The second observation is that the euro can be expected to have a significant influence on the structure of the financial system by bringing about more securitisation. A traditional feature of the financial system of continental Europe has been a marked dependency on the funds intermediated by banks. This feature contrasts with the financial system of the United States which is much more securitised. For instance, corporate bonds have not been very widely issued in the euro area, and stock market capitalisation - relative to the size of the economy - is much lower in the euro area than in the United States. There are good reasons to believe that a process of securitisation will gather pace in the euro area now that the single currency is in use.
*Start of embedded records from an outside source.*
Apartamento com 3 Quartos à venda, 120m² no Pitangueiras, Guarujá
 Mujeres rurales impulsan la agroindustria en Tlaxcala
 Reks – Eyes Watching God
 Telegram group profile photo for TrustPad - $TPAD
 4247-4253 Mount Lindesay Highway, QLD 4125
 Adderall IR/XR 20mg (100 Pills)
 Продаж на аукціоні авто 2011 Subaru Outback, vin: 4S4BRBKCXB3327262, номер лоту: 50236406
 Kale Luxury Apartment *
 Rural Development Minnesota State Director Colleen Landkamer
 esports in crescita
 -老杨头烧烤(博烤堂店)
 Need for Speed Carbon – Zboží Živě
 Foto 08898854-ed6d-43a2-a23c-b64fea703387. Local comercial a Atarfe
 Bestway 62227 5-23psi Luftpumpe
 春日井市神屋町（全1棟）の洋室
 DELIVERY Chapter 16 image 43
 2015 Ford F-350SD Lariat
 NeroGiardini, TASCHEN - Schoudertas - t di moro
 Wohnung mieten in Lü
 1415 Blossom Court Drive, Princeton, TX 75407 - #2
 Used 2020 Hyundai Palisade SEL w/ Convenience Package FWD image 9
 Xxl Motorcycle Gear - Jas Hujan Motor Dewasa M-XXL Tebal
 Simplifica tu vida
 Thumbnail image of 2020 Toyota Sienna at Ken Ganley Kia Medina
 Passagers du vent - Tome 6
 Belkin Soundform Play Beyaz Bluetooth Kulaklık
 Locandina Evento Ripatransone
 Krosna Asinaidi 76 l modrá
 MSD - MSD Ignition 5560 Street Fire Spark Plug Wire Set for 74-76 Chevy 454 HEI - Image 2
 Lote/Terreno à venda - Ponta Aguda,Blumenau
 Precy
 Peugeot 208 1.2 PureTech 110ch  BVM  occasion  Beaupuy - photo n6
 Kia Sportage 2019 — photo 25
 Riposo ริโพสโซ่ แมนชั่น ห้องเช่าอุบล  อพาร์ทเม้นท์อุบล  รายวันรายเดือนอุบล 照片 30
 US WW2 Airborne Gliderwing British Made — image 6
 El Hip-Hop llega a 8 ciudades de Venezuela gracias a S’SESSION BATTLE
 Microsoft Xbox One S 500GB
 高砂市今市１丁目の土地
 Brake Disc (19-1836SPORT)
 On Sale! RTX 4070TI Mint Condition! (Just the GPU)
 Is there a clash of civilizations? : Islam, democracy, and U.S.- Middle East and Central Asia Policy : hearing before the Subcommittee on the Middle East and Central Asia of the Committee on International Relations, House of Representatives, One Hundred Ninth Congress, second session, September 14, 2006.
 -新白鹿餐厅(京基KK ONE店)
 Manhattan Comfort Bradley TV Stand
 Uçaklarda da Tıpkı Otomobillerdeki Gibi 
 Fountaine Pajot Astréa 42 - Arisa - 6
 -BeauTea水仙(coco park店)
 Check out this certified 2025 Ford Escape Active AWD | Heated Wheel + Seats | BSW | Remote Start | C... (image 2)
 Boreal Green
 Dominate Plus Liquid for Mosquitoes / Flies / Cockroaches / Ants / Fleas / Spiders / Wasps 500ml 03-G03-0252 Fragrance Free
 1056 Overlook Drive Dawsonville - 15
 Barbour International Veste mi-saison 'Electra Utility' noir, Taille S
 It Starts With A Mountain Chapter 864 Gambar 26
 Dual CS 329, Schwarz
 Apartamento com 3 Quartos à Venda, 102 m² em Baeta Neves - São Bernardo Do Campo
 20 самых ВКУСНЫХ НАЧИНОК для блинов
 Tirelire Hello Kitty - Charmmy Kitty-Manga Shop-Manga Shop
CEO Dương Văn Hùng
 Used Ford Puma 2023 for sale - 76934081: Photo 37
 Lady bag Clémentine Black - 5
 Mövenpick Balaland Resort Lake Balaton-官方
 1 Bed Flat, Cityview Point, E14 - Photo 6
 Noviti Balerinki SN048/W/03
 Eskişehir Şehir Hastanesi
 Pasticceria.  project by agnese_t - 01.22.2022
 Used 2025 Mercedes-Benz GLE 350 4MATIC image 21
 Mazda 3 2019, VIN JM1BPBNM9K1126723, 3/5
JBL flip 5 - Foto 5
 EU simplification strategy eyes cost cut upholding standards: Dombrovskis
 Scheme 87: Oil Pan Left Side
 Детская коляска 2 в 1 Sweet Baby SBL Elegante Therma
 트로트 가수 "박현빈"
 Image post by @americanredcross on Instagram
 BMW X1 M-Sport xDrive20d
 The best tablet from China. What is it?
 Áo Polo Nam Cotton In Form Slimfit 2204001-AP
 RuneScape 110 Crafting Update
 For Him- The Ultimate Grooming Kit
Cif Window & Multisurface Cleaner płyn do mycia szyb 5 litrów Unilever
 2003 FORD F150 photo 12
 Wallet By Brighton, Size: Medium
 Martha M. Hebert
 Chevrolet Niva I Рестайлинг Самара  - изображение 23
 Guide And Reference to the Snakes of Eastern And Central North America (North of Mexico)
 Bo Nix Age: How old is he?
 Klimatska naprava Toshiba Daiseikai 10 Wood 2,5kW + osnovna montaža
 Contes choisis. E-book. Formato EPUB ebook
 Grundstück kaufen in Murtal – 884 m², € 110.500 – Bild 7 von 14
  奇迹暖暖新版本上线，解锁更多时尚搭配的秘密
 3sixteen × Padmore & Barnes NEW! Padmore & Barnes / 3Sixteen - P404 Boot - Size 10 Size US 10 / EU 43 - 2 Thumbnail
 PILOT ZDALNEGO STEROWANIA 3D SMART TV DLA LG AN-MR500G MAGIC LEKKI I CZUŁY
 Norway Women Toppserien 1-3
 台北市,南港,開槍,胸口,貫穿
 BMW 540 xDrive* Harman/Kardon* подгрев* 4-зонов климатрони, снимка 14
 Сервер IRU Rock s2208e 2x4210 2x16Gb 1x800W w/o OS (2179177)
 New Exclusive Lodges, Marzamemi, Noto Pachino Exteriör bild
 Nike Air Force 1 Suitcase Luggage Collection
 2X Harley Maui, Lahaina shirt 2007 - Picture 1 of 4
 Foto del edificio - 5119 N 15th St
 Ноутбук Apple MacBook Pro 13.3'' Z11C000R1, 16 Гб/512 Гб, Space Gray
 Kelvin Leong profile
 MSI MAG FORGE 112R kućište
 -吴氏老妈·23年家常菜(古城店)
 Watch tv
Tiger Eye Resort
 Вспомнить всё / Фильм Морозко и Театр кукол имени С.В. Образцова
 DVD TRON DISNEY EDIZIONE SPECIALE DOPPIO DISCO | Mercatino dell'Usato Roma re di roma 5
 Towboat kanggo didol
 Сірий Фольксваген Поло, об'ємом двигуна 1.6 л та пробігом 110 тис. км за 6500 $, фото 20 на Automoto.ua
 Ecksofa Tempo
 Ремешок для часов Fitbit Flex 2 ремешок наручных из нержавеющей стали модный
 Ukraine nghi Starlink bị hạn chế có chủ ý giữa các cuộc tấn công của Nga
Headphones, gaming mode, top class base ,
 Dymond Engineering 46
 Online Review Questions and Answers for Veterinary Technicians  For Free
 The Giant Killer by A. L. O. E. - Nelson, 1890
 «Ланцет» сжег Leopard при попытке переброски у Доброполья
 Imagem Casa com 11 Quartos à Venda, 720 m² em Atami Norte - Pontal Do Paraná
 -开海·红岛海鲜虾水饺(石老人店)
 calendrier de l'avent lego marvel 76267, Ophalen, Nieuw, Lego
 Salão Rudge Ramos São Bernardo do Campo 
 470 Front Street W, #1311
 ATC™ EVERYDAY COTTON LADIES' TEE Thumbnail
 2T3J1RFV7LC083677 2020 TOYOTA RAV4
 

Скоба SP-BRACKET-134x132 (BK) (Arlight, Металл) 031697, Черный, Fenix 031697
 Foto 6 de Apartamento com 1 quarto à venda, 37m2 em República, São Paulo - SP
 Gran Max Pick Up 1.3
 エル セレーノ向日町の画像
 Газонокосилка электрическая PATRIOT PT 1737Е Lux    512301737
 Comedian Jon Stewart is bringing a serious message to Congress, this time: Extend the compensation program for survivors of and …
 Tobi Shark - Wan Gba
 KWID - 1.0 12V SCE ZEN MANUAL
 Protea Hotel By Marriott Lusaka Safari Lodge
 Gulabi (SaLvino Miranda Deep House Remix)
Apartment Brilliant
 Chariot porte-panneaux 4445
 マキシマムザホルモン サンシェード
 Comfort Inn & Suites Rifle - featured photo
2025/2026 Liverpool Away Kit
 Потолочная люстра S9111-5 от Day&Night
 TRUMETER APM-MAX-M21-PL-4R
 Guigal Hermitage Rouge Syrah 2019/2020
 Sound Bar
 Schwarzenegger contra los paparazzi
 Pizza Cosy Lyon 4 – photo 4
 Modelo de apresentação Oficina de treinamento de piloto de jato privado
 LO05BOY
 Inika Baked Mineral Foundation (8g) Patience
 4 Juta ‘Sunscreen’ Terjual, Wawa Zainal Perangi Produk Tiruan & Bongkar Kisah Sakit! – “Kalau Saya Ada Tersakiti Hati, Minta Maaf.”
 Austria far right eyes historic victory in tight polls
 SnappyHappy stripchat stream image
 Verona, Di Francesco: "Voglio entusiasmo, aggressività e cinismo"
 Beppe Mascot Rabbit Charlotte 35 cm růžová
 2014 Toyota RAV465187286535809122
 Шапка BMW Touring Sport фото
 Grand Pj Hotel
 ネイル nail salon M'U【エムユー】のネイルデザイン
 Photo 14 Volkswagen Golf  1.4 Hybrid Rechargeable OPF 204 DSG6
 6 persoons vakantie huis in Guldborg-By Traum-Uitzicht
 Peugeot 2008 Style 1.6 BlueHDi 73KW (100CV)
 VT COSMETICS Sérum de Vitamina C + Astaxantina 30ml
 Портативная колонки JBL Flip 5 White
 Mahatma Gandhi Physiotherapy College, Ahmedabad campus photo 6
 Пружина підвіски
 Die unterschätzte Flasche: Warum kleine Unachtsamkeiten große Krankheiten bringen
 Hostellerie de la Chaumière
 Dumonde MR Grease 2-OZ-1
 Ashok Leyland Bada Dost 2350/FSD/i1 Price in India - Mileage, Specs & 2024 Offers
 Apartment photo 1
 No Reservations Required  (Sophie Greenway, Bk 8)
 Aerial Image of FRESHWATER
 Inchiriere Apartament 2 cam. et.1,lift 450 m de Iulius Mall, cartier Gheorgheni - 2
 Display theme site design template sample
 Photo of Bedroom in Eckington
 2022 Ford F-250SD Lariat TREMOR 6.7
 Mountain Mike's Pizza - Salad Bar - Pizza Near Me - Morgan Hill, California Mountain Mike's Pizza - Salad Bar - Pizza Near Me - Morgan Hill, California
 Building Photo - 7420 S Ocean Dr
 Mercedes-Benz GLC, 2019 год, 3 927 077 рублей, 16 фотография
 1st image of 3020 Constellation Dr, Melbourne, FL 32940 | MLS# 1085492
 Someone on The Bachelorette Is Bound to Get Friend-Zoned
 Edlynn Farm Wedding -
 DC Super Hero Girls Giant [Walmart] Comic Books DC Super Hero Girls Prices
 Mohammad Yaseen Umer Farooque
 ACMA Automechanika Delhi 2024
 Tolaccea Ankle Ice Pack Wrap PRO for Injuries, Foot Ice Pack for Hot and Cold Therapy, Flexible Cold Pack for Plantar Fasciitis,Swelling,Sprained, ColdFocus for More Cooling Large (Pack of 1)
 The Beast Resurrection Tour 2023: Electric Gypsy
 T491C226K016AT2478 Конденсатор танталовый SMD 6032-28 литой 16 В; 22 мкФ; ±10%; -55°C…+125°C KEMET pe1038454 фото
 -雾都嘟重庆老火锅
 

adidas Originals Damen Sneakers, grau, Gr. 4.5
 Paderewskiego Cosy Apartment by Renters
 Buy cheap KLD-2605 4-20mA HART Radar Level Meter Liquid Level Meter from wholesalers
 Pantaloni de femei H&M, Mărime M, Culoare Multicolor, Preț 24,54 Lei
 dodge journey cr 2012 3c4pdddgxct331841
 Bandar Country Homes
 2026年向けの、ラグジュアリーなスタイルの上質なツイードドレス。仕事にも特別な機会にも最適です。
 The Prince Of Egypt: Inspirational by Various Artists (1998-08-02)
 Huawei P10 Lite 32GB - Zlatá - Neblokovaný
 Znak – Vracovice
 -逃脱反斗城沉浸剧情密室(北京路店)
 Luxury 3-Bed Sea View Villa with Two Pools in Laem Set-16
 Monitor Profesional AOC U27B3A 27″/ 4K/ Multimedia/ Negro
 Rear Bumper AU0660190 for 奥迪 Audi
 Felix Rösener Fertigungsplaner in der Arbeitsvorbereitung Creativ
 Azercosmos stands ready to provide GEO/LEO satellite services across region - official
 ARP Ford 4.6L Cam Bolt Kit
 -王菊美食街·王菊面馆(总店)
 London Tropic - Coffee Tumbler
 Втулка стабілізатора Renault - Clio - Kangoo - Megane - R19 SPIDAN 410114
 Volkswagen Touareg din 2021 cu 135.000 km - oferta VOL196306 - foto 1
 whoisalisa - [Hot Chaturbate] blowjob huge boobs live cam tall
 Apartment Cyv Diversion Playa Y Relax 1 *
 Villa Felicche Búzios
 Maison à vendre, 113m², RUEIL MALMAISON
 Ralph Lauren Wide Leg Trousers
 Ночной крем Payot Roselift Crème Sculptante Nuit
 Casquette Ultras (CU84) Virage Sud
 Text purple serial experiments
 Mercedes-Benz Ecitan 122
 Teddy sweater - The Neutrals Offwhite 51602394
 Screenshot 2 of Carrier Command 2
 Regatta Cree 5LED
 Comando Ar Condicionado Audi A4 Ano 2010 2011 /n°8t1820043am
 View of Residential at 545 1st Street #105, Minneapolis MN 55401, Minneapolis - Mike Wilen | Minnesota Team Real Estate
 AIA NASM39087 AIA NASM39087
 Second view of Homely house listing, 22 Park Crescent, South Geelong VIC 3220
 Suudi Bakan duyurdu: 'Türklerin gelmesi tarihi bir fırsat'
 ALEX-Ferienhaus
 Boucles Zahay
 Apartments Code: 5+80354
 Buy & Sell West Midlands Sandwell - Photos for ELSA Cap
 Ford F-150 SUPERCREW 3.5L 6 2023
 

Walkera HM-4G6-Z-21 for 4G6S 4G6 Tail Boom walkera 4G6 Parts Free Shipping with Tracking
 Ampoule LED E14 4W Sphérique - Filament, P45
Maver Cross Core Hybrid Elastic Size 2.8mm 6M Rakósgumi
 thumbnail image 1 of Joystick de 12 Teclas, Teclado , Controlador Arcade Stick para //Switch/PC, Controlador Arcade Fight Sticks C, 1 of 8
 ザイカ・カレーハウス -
This view seems to be shared by many observers and I shall, in the course of my remarks, provide some arguments in its favour.

In my remarks today, I should like to discuss the structural changes in the financial sector, in particular those that have occurred as a result of the launch of new product types and the changing nature of public and private institutions. I shall address developments in the money markets, the bond markets and the equity markets as well as the process of adaptation of banking institutions to their new environment.

2. Money markets

The money markets of the euro area became rapidly integrated after the introduction of the euro despite the fact that their structures had previously been quite different at the national level. Transaction volumes and measures of bid-ask spreads on the various money market instruments both indicate that the markets reached a very high level of liquidity very rapidly in the course of January 1999 and have subsequently retained it.

The high degree of integration of the euro area money markets is, first of all, a result of the single monetary policy, which is conducted through the harmonised operational framework of the Eurosystem. This integration has also been made possible by the significant and increasing integration of payment systems. Cross-border payments processed by TARGET accounted for more than 37% of the value of all real-time payments (domestic and cross-border) effected by credit institutions in March and April 1999. Moreover, the continuously high use which our counterparties make of the correspondent central banking model (or CCBM) for the cross-border transfer of collateral in monetary policy operations is an important indication of area-wide integration. This is evidenced by the fact that cross-border collateral currently represents around 25% of the total amount of collateral in custody in the context of the Eurosystem's monetary policy operations.

Taking a closer look at the various instruments traded in the money markets, a feature that is worthy of note is that market participants in the 11 countries of the euro area have shown an increasing tendency to demonstrate a similar reliance on each instrument type. For example, what we call "overnight indexed swaps", which are swaps indexed on the overnight reference interest rate EONIA, have become an important derivative instrument in the money markets of the euro area. This can be seen from the low level of quoted bid-ask spreads and the high turnover relative to other major international markets. Both indicators show a high level of liquidity in this instrument. Another type of instrument of interest in the money market (but also at the fringe of the bond market) is that of the repurchase agreement. The development of more integrated repo markets in the euro area will obviously accompany the development of area-wide securities trading, settlement and custody systems. This will reduce transaction costs and improve efficiency for the cross-border transfer of securities through repurchase operations.